After retirement, there’s a noticeable decline in individuals spending on food (in home and out of the home), transportation and clothing. Transportation and clothing spend is directly tied to work-place activities like daily commute, business travel, and diversity in work attire. Decline in food spend is a little less obvious, especially given that food consumption does not decline. The explanation is that retired individuals are time-rich and take pleasure in preparing food from scratch. Instead of purchasing pre-made meals or the hot food bar at the grocery store, they shift their spend towards buying fresh vegetables, meats and fruit.
In contrast to these declining categories, the following categories of spend increase relative to pre-retirement years:
- Entertainment (including gambling, hobbies, recreational activities and classes, watching movies and TV shows)
- Charitable donations and spend on community causes
- Utilities and housing services
It is also important to note that all retirement wealth quartiles experience these shifts in spend behavior, however the lowest quartile has the sharpest decline in food, transportation and clothing spend.

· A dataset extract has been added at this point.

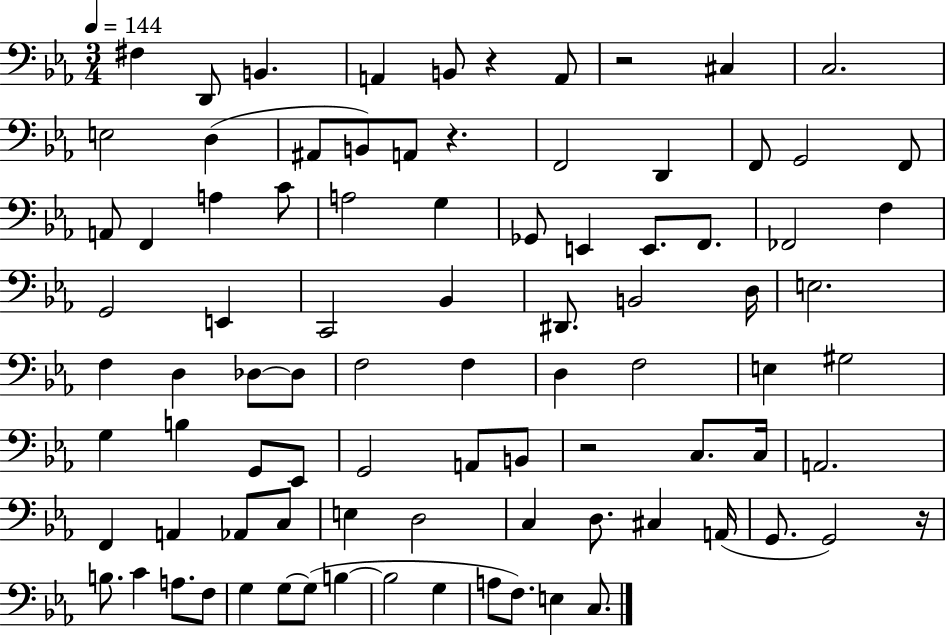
F#3/q D2/e B2/q. A2/q B2/e R/q A2/e R/h C#3/q C3/h. E3/h D3/q A#2/e B2/e A2/e R/q. F2/h D2/q F2/e G2/h F2/e A2/e F2/q A3/q C4/e A3/h G3/q Gb2/e E2/q E2/e. F2/e. FES2/h F3/q G2/h E2/q C2/h Bb2/q D#2/e. B2/h D3/s E3/h. F3/q D3/q Db3/e Db3/e F3/h F3/q D3/q F3/h E3/q G#3/h G3/q B3/q G2/e Eb2/e G2/h A2/e B2/e R/h C3/e. C3/s A2/h. F2/q A2/q Ab2/e C3/e E3/q D3/h C3/q D3/e. C#3/q A2/s G2/e. G2/h R/s B3/e. C4/q A3/e. F3/e G3/q G3/e G3/e B3/q B3/h G3/q A3/e F3/e. E3/q C3/e. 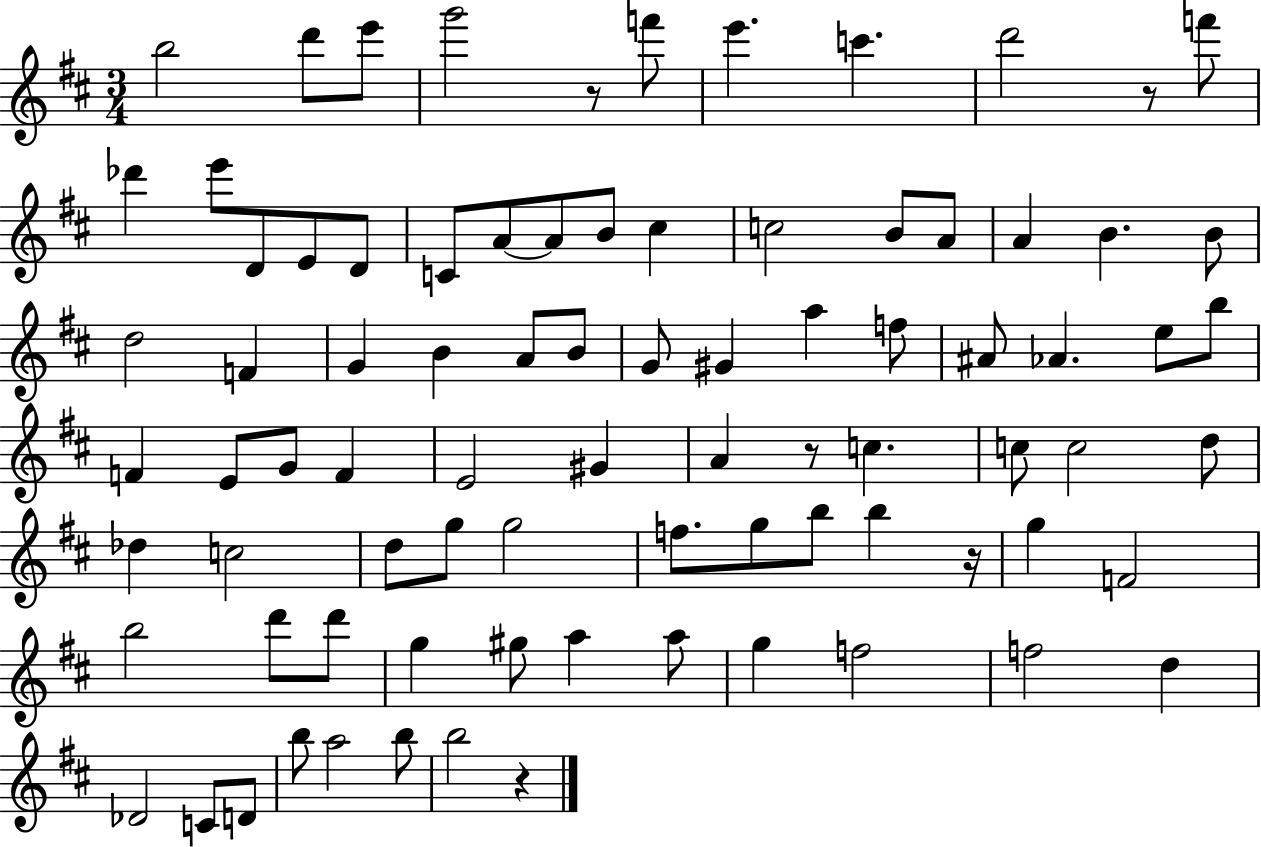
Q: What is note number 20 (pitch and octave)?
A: C5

The only exception to this overall shift in spending is in households that retired involuntarily. Usually this is the result of a sudden change in health, or being laid off. In these households there are dramatic declines in spending across most categories.
5. The truth about the dreaded health care bill
Americans over 65 site healthcare costs as their top concern about the future. This concern impacts their feelings of readiness for retirement, decisions about how long to stay in the work force, as well as how to spend down their savings.

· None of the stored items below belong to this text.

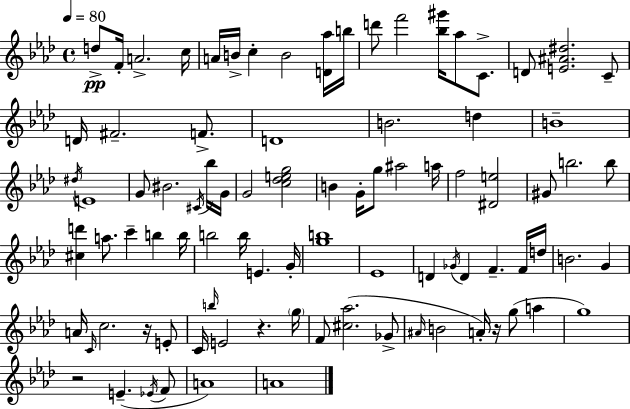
{
  \clef treble
  \time 4/4
  \defaultTimeSignature
  \key f \minor
  \tempo 4 = 80
  d''8->\pp f'16-. a'2.-> c''16 | a'16 b'16-> c''4-. b'2 <d' aes''>16 b''16 | d'''8 f'''2 <bes'' gis'''>16 aes''8 c'8.-> | d'8 <e' ais' dis''>2. c'8-- | \break d'16 fis'2.-- f'8.-> | d'1 | b'2. d''4 | b'1-- | \break \acciaccatura { dis''16 } e'1 | g'8 bis'2. \acciaccatura { cis'16 } | bes''16 g'16 g'2 <c'' des'' e'' g''>2 | b'4 g'16-. g''8 ais''2 | \break a''16 f''2 <dis' e''>2 | gis'8 b''2. | b''8 <cis'' d'''>4 a''8. c'''4-- b''4 | b''16 b''2 b''16 e'4. | \break g'16-. <g'' b''>1 | ees'1 | d'4 \acciaccatura { ges'16 } d'4 f'4.-- | f'16 d''16 b'2. g'4 | \break a'16 \grace { c'16 } c''2. | r16 e'8-. c'16 \grace { b''16 } e'2 r4. | \parenthesize g''16 f'8 <cis'' aes''>2.( | ges'8-> \grace { ais'16 } b'2 a'16-.) r16 | \break g''8( a''4 g''1) | r2 e'4.--( | \acciaccatura { ees'16 } f'8 a'1) | a'1 | \break \bar "|."
} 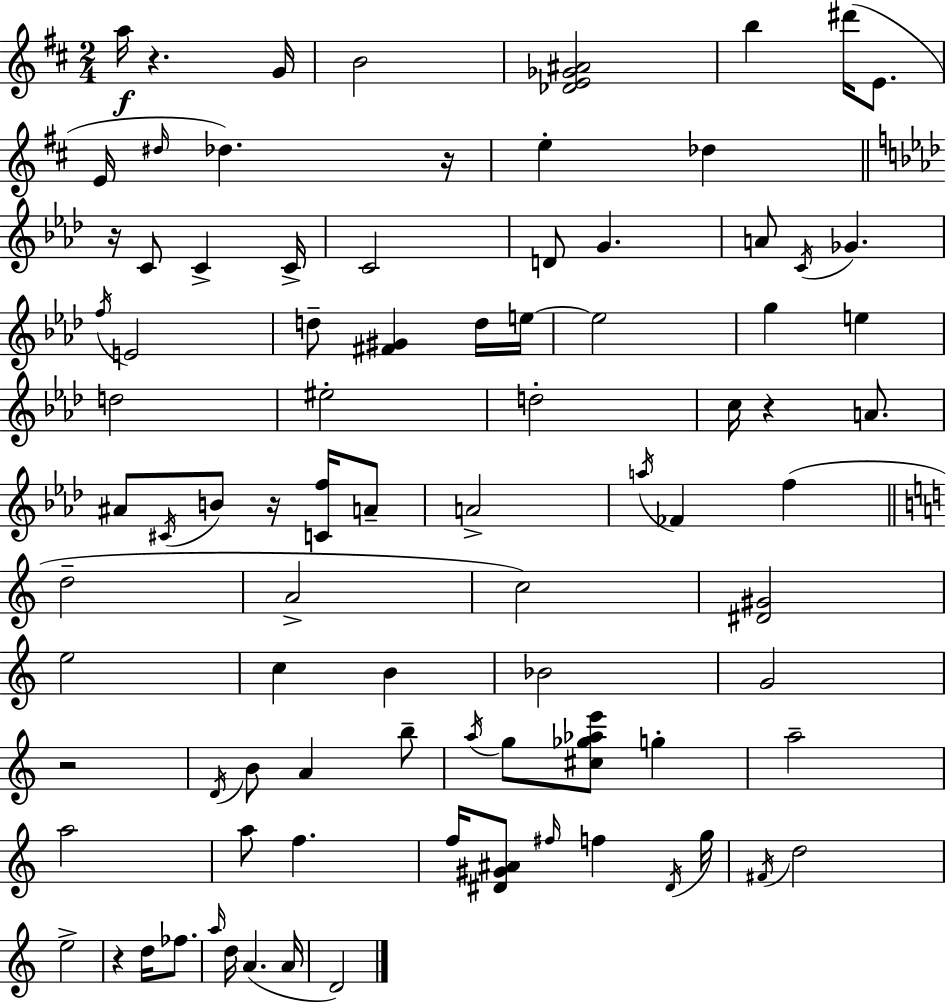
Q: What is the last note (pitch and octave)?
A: D4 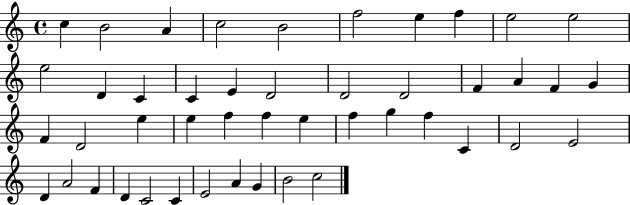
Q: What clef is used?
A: treble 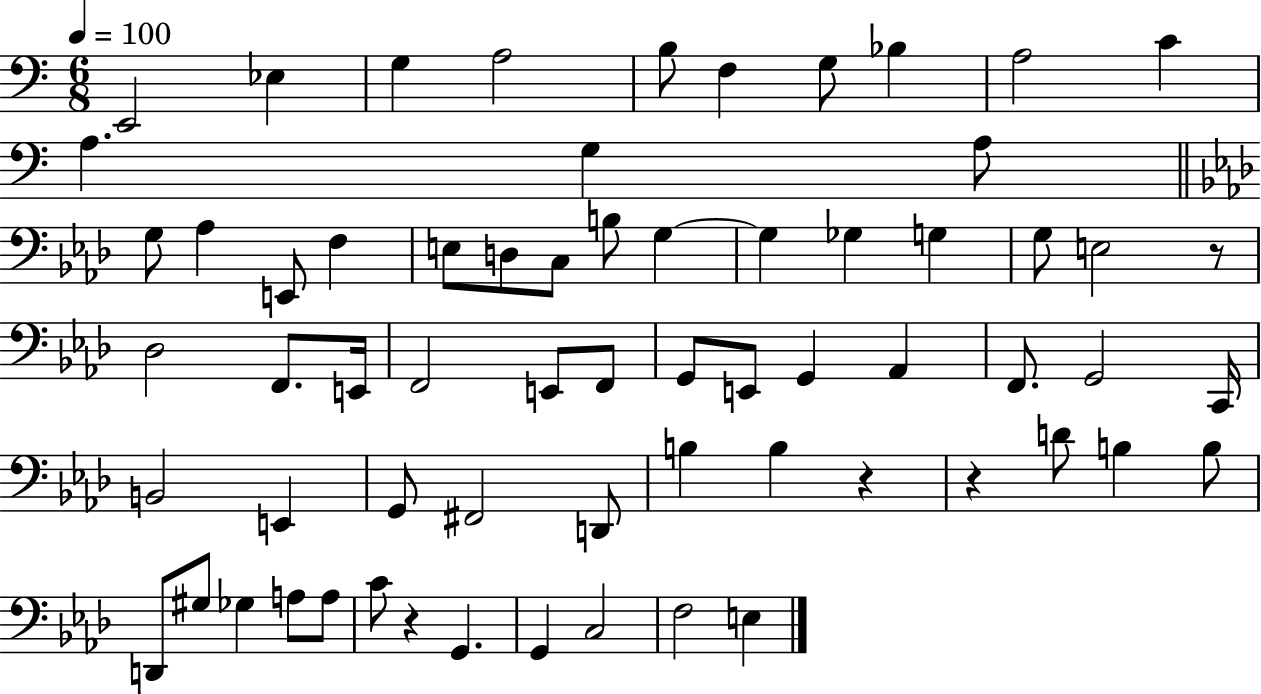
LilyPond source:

{
  \clef bass
  \numericTimeSignature
  \time 6/8
  \key c \major
  \tempo 4 = 100
  e,2 ees4 | g4 a2 | b8 f4 g8 bes4 | a2 c'4 | \break a4. g4 a8 | \bar "||" \break \key f \minor g8 aes4 e,8 f4 | e8 d8 c8 b8 g4~~ | g4 ges4 g4 | g8 e2 r8 | \break des2 f,8. e,16 | f,2 e,8 f,8 | g,8 e,8 g,4 aes,4 | f,8. g,2 c,16 | \break b,2 e,4 | g,8 fis,2 d,8 | b4 b4 r4 | r4 d'8 b4 b8 | \break d,8 gis8 ges4 a8 a8 | c'8 r4 g,4. | g,4 c2 | f2 e4 | \break \bar "|."
} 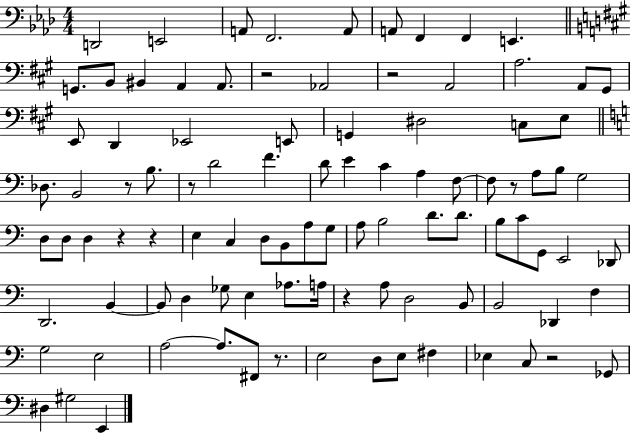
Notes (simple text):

D2/h E2/h A2/e F2/h. A2/e A2/e F2/q F2/q E2/q. G2/e. B2/e BIS2/q A2/q A2/e. R/h Ab2/h R/h A2/h A3/h. A2/e G#2/e E2/e D2/q Eb2/h E2/e G2/q D#3/h C3/e E3/e Db3/e. B2/h R/e B3/e. R/e D4/h F4/q. D4/e E4/q C4/q A3/q F3/e F3/e R/e A3/e B3/e G3/h D3/e D3/e D3/q R/q R/q E3/q C3/q D3/e B2/e A3/e G3/e A3/e B3/h D4/e. D4/e. B3/e C4/e G2/e E2/h Db2/e D2/h. B2/q B2/e D3/q Gb3/e E3/q Ab3/e. A3/s R/q A3/e D3/h B2/e B2/h Db2/q F3/q G3/h E3/h A3/h A3/e. F#2/e R/e. E3/h D3/e E3/e F#3/q Eb3/q C3/e R/h Gb2/e D#3/q G#3/h E2/q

Most senior citizens are covered by Medicare (the federal program that provides healthcare coverage to aging Americans). If this is comprehensive, what are Americans worried about?
Three factors to consider:
- Home care is not health care: Medicare only covers health care costs. Home care (i.e. assistance with eating, transferring out of bed, bathing, eating) is the result of declining health but does not classify as health care. Therefore it must be paid for out-of-pocket or via long term care insurance (which most individuals don’t have).
- Gaps in Medicare coverage: Medicare coverage has gaps (many of which seem unpredictable to individuals using Medicare) and must be paid for with Medigap insurance or out-of-pocket.
- Policy and politics: Healthcare policy is a heavily politicized topic in the U.S. and perceived as unreliable because it’s dependent on which party is in power.
Lower-wealth aging Americans tend to have higher medical expenses than their wealthy counterparts, and a larger portion of their medical expenses is covered by the government (through Medicare and Medicaid).
Medical spending is also concentrated, with the top 5% (by total expenditure) accounting for 35% of total medical spending. The average annual spend for an individual within this top 5% is $98,000, which is 7x the overall average of $14,000 per year.
Health care expenses also double between the age of 70, and the age of 90. The last 3 years of life account for around 15% of the total healthcare cost incurred on an individual after 65.
There’s been a lack of energy in designing products and services for aging Americans because of beliefs that they don’t have the disposable income or wealth to be a lucrative demographic. The numbers suggest otherwise. At the high end of the wealth spectrum, there are opportunities to create tailored experiences for entertainment, gaming, managing investments, life enrichment activities and experiences. In the middle of the spectrum, there are opportunities to make individuals’ wealth work for them (whether that is equity in their homes, or leveraging social security at the right time and compensating with employment). At the low end of the wealth spectrum there are opportunities to leverage communities to make up for gaps in wealth, perhaps trade in services rather than cash.